There is one aspect, however, of human consciousness which neither organized religion, nor the self-emancipating science, nor even otherwise serious philosophical trends of thought in the Occident, lay any emphatic stress upon — an aspect of consciousness so important nevertheless that without it everything else is devoid of any sound foundation and is destined to collapse sooner or later in a sea of horror. This aspect is represented by Ethics.

Organized religion is unable to provide the scientific and philosophical basis for the need of ethics, and to show why ethics is essential to progress and growth. Science, on the other hand, is unable to provide the spiritual and devotional foundation for ethics, as it has not yet acknowledged the spiritual background of the Universe and Man. Hence this subject is usually sidestepped and avoided, or merely touched upon in vague and goody-goody terms, which bring no conviction and no satisfaction to any thinking man or woman.

Yet in spite of the world-wide prevalence of selfishness which lies at the bottom of the barbarism of the present Occidental civilization, and breaks out periodically in fits of high international fevers, when our verdant meadows and dales are transformed into slaughter-houses of legalized murder: in spite of this selfishness and greed, there are indications of softer breezes blowing from some inner and hidden recesses. There is a growing realization in many parts of the world that entrenched selfishness of purpose, brutal gratification of egotistical cravings, and the mad hunt for the acquisition of mere material possessions, to the complete disregard of the interests of one's neighbor, is after all the easiest and shortest road to spiritual, intellectual, and moral bankruptcy. Violence is the surest sign of moral weakness; it may be a sign of muscular strength; but history has shown that intrinsic values are in direct proportion to the development of moral, not of muscular, fibers. From this growing realization, there arises today a revulsion of feeling pointing to the fact that ethics will slowly become a subject for serious thought and constructive thinking, coupled with a fresh application to daily life.

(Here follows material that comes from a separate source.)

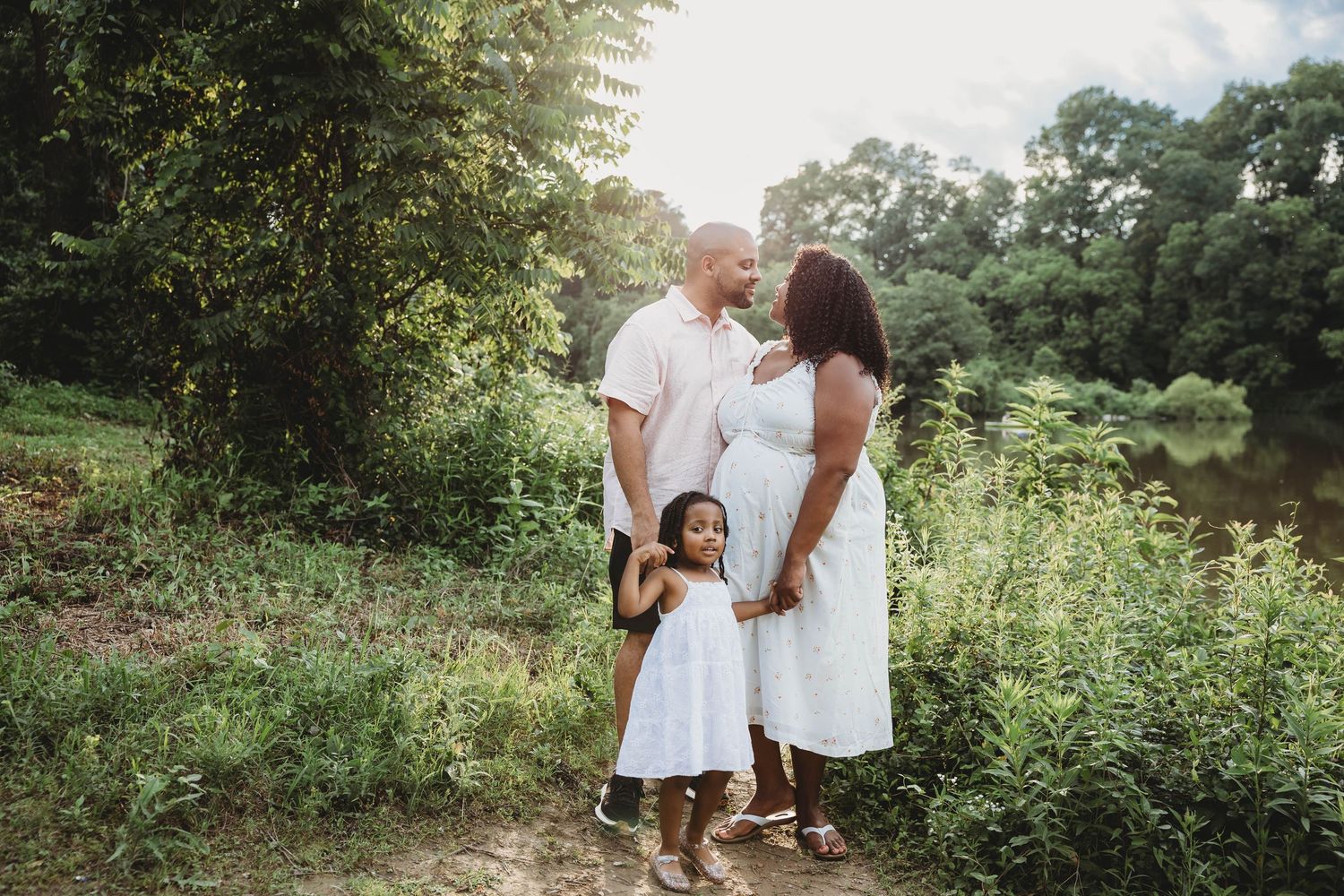 A family maternity photo with parents and young daughter in white outfits outdoors near a pond.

It is only a complete and soul-satisfying philosophy of life, however, that can give a sound reason and a solid basis for the need of ethics — and it is precisely this that Theosophy can do and actually does. It teaches that Ethics is rooted in the very structure of Nature, hence rooted in the very structure of Man himself, who is an integral part of Nature; that the only way to a lasting civilization of spiritual worth, is by leading a life of brotherly sympathy and compassion for the souls of men; that we are responsible for both the welfare and the misery of others; that we have a sacred duty towards all those who are weaker than we, weaker and more helpless; that self-dedication to the cause of suffering mankind is the noblest mode of life; that the code of a spiritual and ethical life, and the philosophical and religious foundations worthy of a new civilization, are to be found in the accumulated wisdom of past ages, in the treasures of knowledge handed down to our times by the greatest sages and seers that mankind has produced; and that, finally, to repeat the inspiring and soul-stirring words of Katherine Tingley, "Selflessness attains; selfishness defeats: men's possibilities are in direct proportion to their ability to see beyond themselves and to feel for others."